Woman Pioneers of Abstraction
22 January - 25 September 2022FREE entry, no ticket needed
East End Gallery
Woman Pioneers of Abstraction highlights woman artists in the Sainsbury Centre’s collection who were at the vanguard of developments in abstraction between the First and Second World Wars.
Sonia Delaunay (1885–1979), Sophie Taeuber-Arp (1889–1943) and Natalie Goncharova (1881–1962) were all key innovators of abstraction. They forged a multi-disciplinary practice that ignored the established hierarchies that had traditionally separated craft from art. Their work encompassed a range of media including painting, printmaking, fashion, textiles and drawing. Woman artists were frequently encouraged into craft disciplines rather than fine art, which often served to advance experimentation in their practice. Often overshadowed in their lifetime by more famous male partners, their contribution to key innovations in Twentieth Century Art is now being fully recognised.
Florence Henri (1893–1982) and Paule Vézelay (1892–1984) were integral members of the Paris avant-garde. Henri was part of the group the Cercle et Carré (Circle and Square) founded in 1929, while Vézelay was a member of the Abstraction-Création Group founded in 1931. Both groups were important in disseminating the principles of abstract art internationally and notably to Britain. Jessica Dismorr (1885–1939) studied in Paris before returning to London where, in 1914, she was a signatory to the Vorticist manifesto, Blast, No.1. Margaret Mellis (1914–2009) relocated from London to St Ives in 1939, with Barbara Hepworth, Wilhelmina Barns-Graham and briefly Winifred Nicholson following her to Cornwall. This chain of events become a significant moment as St Ives became the centre of modern British art.
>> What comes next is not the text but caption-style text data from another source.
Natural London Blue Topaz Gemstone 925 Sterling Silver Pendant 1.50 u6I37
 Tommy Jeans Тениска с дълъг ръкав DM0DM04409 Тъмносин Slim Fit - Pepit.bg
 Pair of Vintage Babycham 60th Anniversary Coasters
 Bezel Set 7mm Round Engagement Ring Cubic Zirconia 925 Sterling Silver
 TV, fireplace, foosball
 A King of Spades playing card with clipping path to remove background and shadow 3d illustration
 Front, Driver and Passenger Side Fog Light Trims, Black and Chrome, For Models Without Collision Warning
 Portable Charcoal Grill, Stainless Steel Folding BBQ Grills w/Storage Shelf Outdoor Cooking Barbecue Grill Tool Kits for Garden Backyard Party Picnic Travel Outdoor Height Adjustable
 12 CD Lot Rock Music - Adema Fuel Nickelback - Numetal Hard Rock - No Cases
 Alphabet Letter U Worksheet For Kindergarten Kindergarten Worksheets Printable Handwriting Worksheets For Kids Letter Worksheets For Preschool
The collection of abstract art at the Sainsbury Centre was started by the University in the 1960s as a response to the modernist architecture of the new University of East Anglia campus, designed by Denys Lasdun, and the university’s multi-disciplinary ethos. In 2017 a major bequest by Michael and Joyce Morris expanded the scope of the collection including a work by Sonia Delaunay (1885–1979) included in this display.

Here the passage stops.